=== REQUIREMENT ===
For the data below, transcribe the part that opens with the line containing "rainbow string bolsa" and closes with the line containing "メルヴェーユイイダ芝原【2階】の外観", exactly and with no pictures.

=== DATA PROVIDED ===

****************

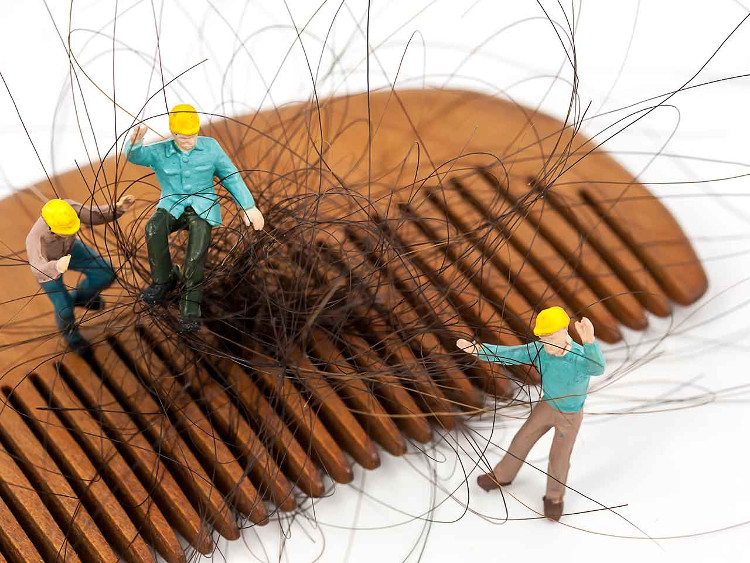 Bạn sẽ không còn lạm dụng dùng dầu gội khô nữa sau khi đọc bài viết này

****************

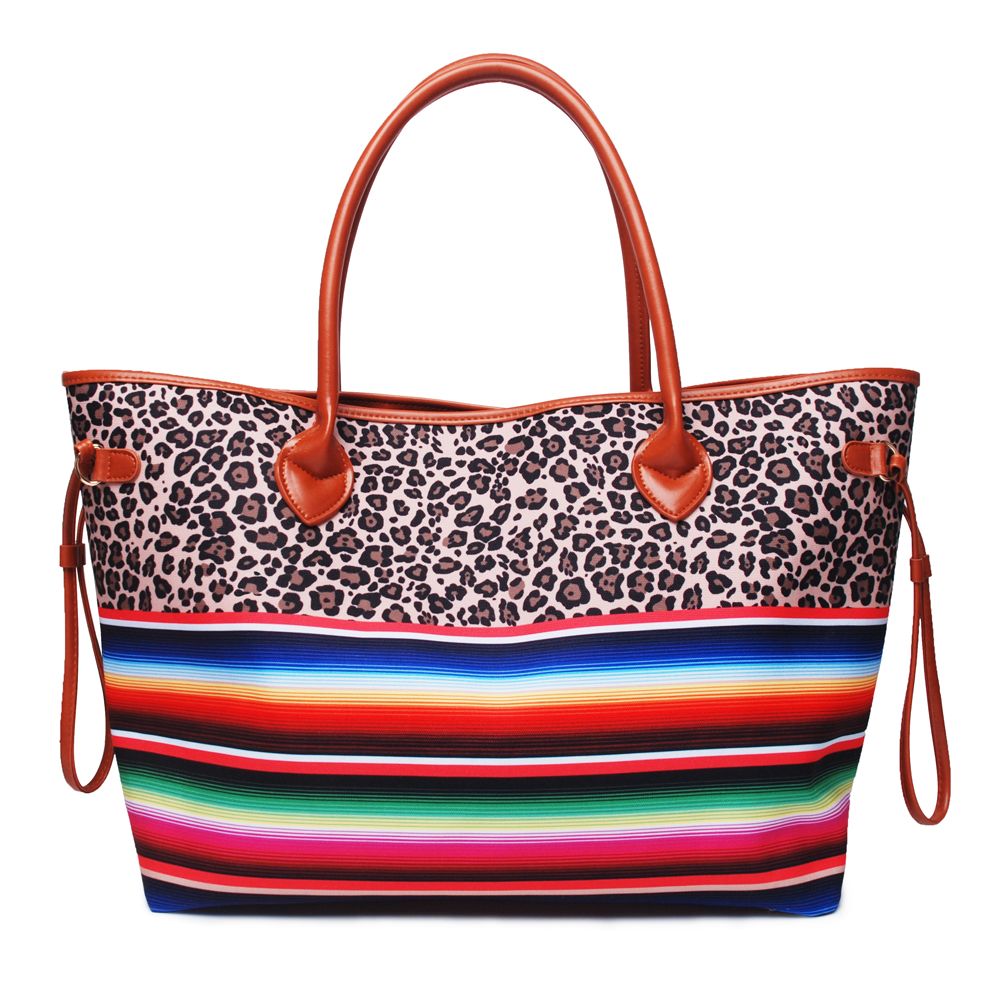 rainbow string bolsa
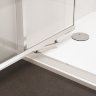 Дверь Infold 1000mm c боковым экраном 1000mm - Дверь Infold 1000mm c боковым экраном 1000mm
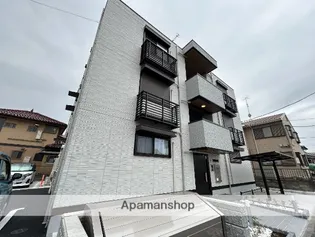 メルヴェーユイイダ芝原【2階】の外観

****************

=== TASK OUTPUT ===
 rainbow string bolsa
 Дверь Infold 1000mm c боковым экраном 1000mm - Дверь Infold 1000mm c боковым экраном 1000mm
 メルヴェーユイイダ芝原【2階】の外観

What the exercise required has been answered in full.